I believe that it is crucial to think of Mental Health/Psychiatric Care as a separate issue from enlightenment.
It is also true that basic buddhist strategies, like mindfulness and right speech and the like have been shown to help correct the neurotransmitter imbalance that leads to mental health disorders.
In some tradtions enlightenment is deliverance from dukkha - which is where the word 'suffering' is translated from and I think your question takes root.
wikipedia:
Within the Buddhist tradition, dukkha is commonly explained according to three different patterns or categories.
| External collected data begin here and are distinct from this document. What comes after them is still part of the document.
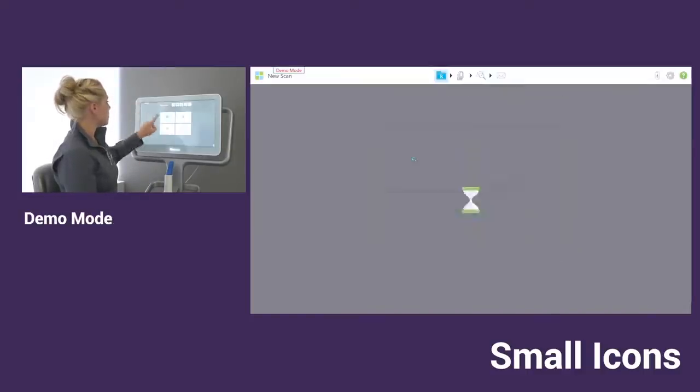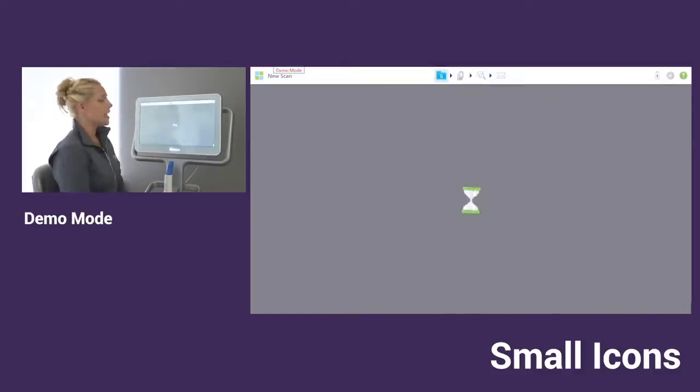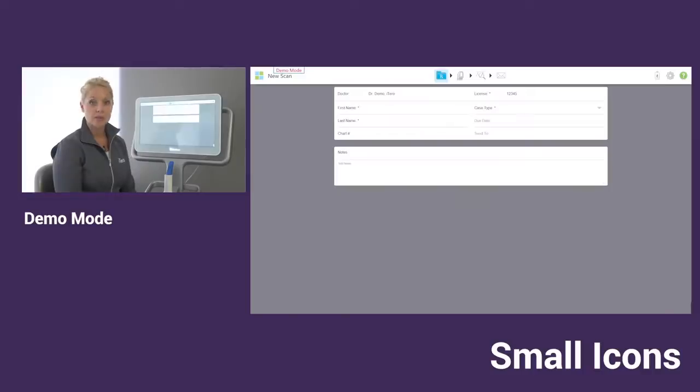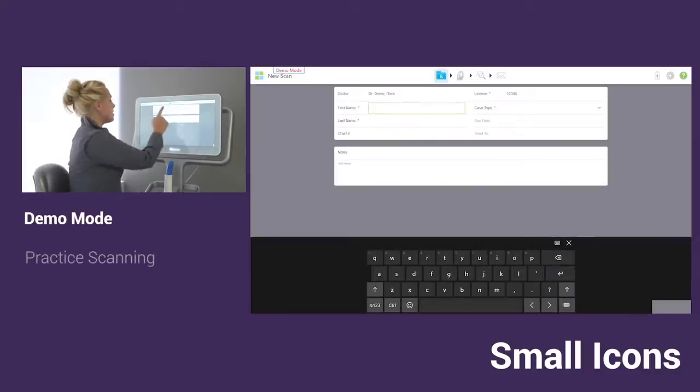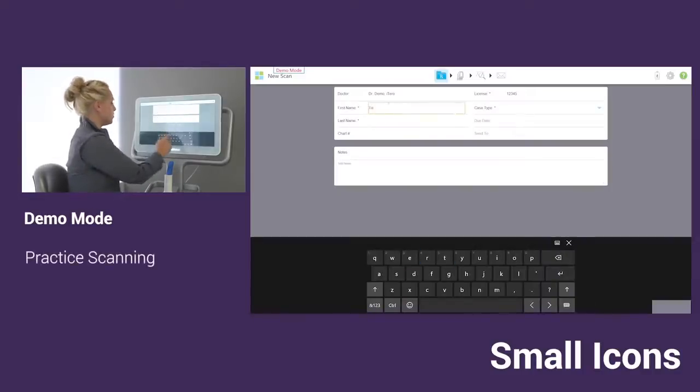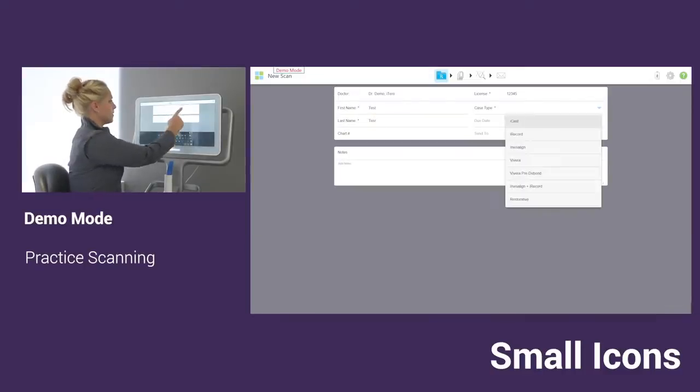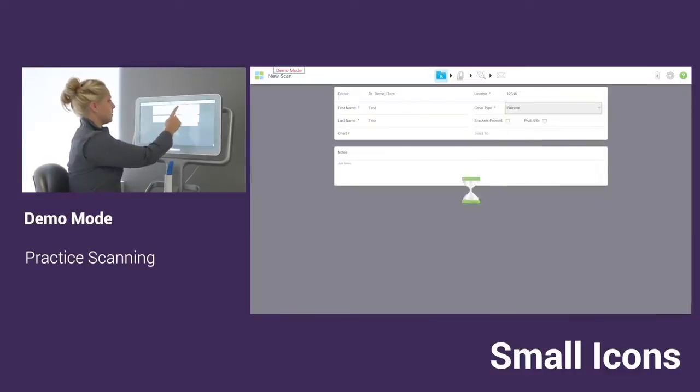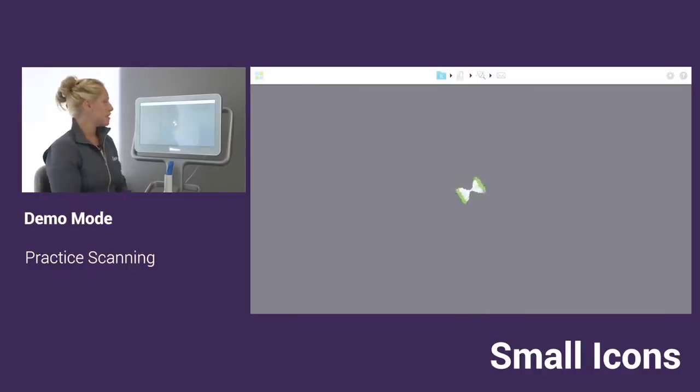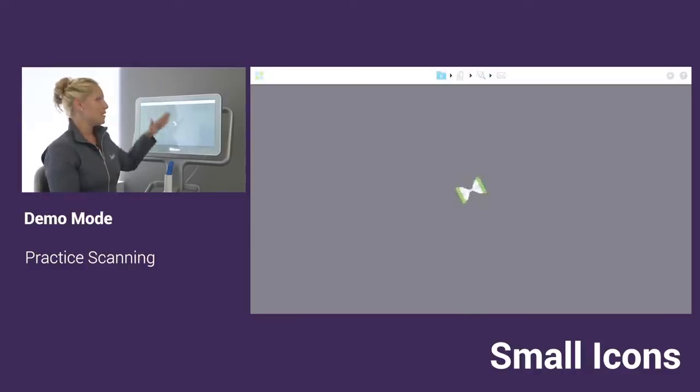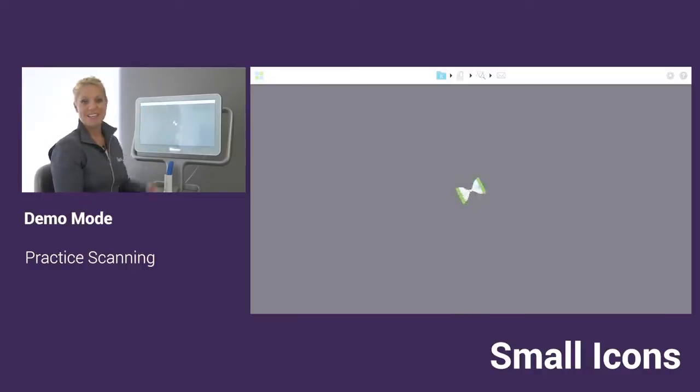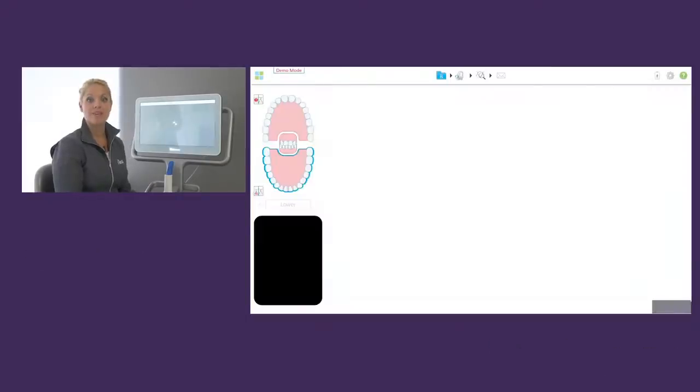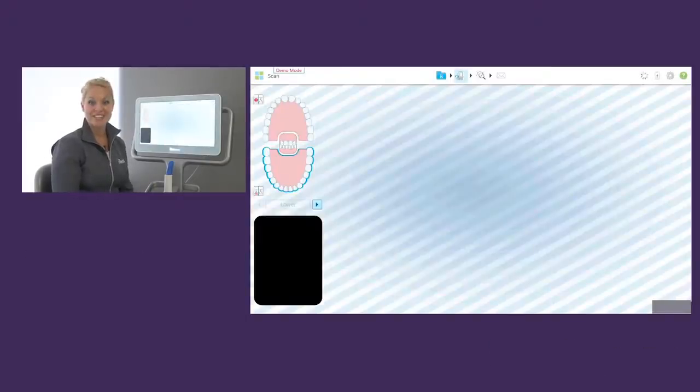You'll notice that when you go to practice scanning for demo, the screen will look a little bit different. When we are in the scanning screen for demo, you'll see that the background will be some stripes in the back, some blue and white stripes. So that will be your reminder that this case will not be able to be submitted.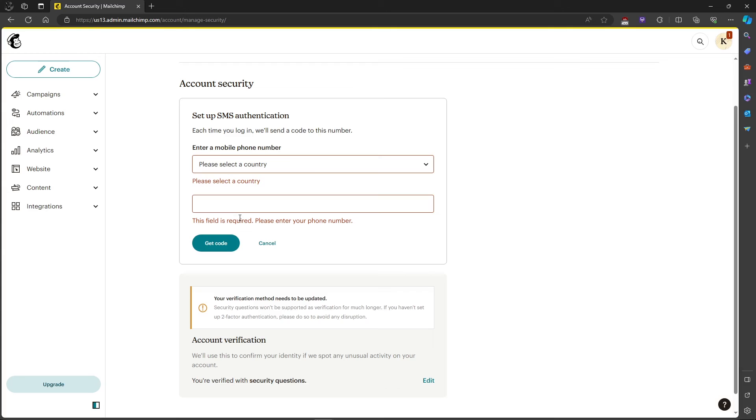That's how to change verification number in MailChimp. If you have any questions, please let me know down in the comments and I'll do my best to help you out.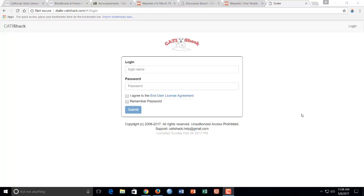So here is the login page and you're going to choose whatever login you signed up for or you were told to log in with.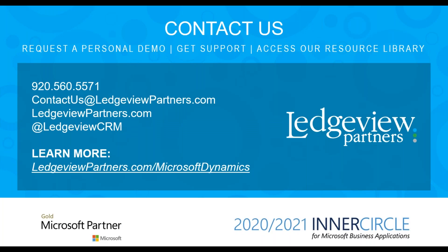This concludes our overview of leads in Dynamics 365. Please contact us to request a personal demo, get support with Dynamics 365, or access our resource library. Thank you.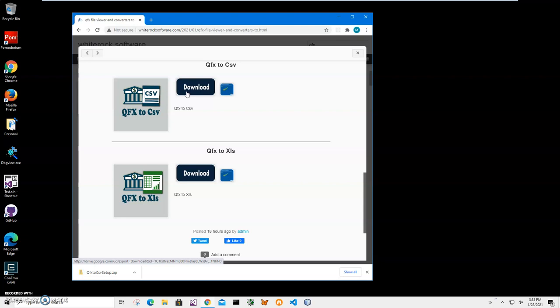Now QFX is QuickBooks financial exchange format. It's used by Intuit to store information about transactions, financial information about transactions and accounts.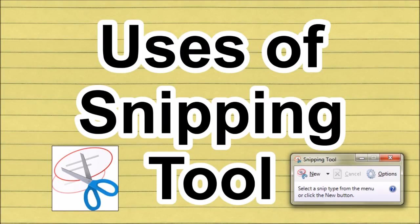Hi friends, welcome to Asir Jennifer Technical Channel. Today we can see how to use Snipping Tool in Windows 10.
In the first category, dukkha includes the obvious physical suffering or pain associated with giving birth, growing old, physical illness and the process of dying. These outer discomforts are referred to as the dukkha of ordinary suffering (dukkha-dukkha). In a second category, dukkha also includes the anxiety or stress of trying to hold onto things that are constantly changing; these inner anxieties are called the dukkha produced by change (vipariṇāma-dukkha). The third pattern or category of dukkha refers to a basic unsatisfactoriness pervading all forms of life because all forms of life are impermanent and constantly changing. On this level, the term indicates a lack of satisfaction, a sense that things never measure up to our expectations or standards. This subtle dissatisfaction is referred to as the dukkha of conditioned states (saṃkhāra-dukkha).
Buddhism is not a self-help system for sad people. It is a system of looking at experience. One of the most common egoic and twisted pieces of advice I see is that, 'If you meditate, you wil be happier"... which is a ridiculous twisting of the original teachings.